Content-Transfer-Encoding: quoted-printable
Cc: Server-Initiated HTTP <hybi@ietf.org>
Subject: Re: [hybi] workability (or otherwise) of HTTP upgrade
X-BeenThere: hybi@ietf.org
X-Mailman-Version: 2.1.9
Precedence: list
List-Id: Server-Initiated HTTP <hybi.ietf.org>
List-Unsubscribe: <https://www.ietf.org/mailman/listinfo/hybi>, <mailto:hybi-request@ietf.org?subject=unsubscribe>
List-Archive: <http://www.ietf.org/mail-archive/web/hybi>
List-Post: <mailto:hybi@ietf.org>
List-Help: <mailto:hybi-request@ietf.org?subject=help>
List-Subscribe: <https://www.ietf.org/mailman/listinfo/hybi>, <mailto:hybi-request@ietf.org?subject=subscribe>
X-List-Received-Date: Thu, 09 Dec 2010 09:29:43 -0000

On Thu, Dec 9, 2010 at 2:38 AM, Collin Jackson <collin@collinjackson.com> wrote:
> On Sat, 4 Dec 2010 2:50 PM, Zhong Yu <zhong.j.yu@gmail.com> wrote:
>> So in the POST experiment, the bytes are
>>
>>     POST /path/of/attackers/choice HTTP/1.1
>>     Host: host-of-attackers-choice.com
>>     Sec-WebSocket-Key: <connection-key>
>>
>>     GET /script.php/<random> HTTP/1.1
>>     Host: target.com
>>
>> In 1376 cases the 2nd request was routed to target.com, presumably
>> because some interceptors parsed it as an HTTP request, and routed it
>> based on Host.
>>
>> In the Upgrade experiment, the bytes are
>>
>>     GET /path/of/attackers/choice HTTP/1.1
>>     Host: host-of-attackers-choice.com
>>     Connection: Upgrade
>>     Sec-WebSocket-Key: <connection-key>
>>     Upgrade: WebSocket
>>
>>     GET /script.php/<random> HTTP/1.1
>>     Host: target.com
>>
>> In only 1 case the 2nd request was routed to target.com. This
>> experiment is apparently done in the same ad display as the POST
>> experiment, and the bytes passed over same intermediaries.
>>
>> Don't you find that odd? How do you explain the difference?
>
> My interpretation is that most (but not all) of the proxies that route
> requests by Host header decided not to parse the 2nd request as an
> HTTP request, because they observed an HTTP Upgrade negotiation in the
> first request.

Thank you Collin.

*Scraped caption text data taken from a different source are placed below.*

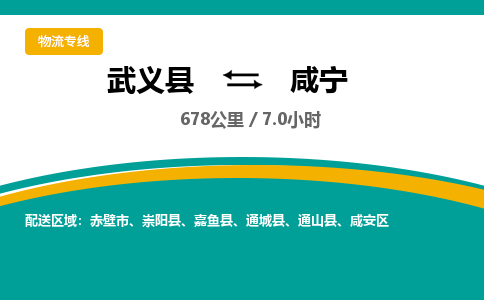 武义到咸宁物流公司|武义县到咸宁货运专线-效率先行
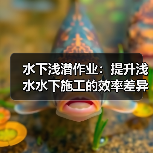 水下浅潜作业：提升浅水水下施工的效率差异化策略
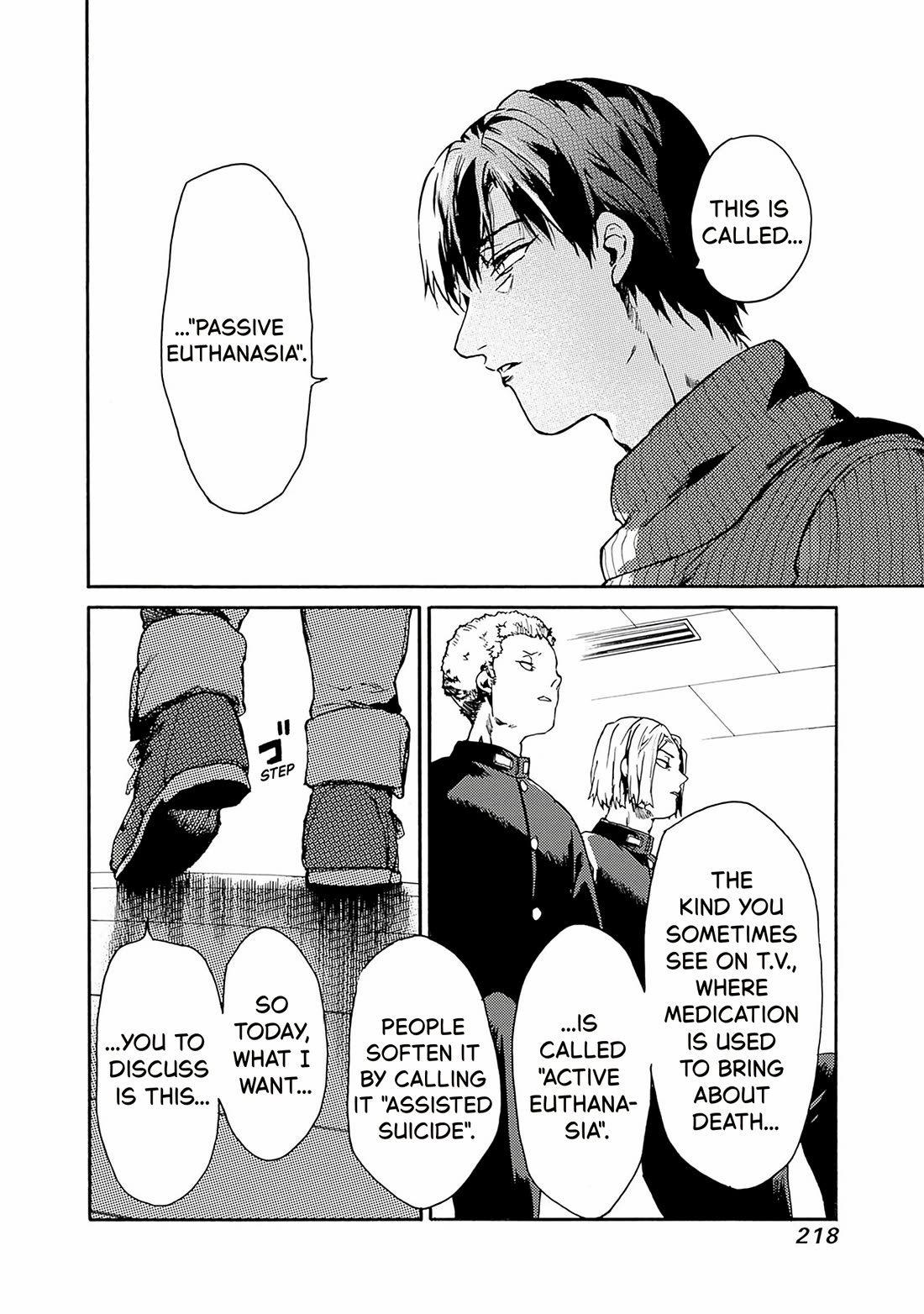 We Shall Now Begin Ethics chapter 55 page 8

But this suggests that overwhelming majority(>99.9%)
of them already understand Upgrade. That's is very hard to believe. If
it is true, we should also expect that cache poisoning success drops
dramatically in Upgrade  experiment. Yet it only drops to 8 from 15 in
the POST experiment. You may argue that these are two different types
of interceptors, but they all understand HTTP, yet in one type 50%
don't understand Upgrade, and in another type, only 0.1% don't
understand Upgrade. That's hard to imagine.

>
> On Sat, 4 Dec 2010 at 3:39 PM, Zhong Yu <zhong.j.yu@gmail.com> wrote:
>> From paper: "47,741 (96:9%) reported that no intermediaries were
>> confused when sending the spoofed HTTP request"
>>
>> What's the expected behavior here? The 2nd request is transmitted to
>> host-of-attackers-choice.com verbatim, right?
>>
>> "There were 97 of 49;218 impressions (0:2%) where the spoofed request
>> was routed by IP"
>>
>> The 2nd request is also transmitted to host-of-attackers-choice.com
>> verbatim, right? How does this differ from the 1st case?
>
> The 2nd request was received by the server on a separate network connection.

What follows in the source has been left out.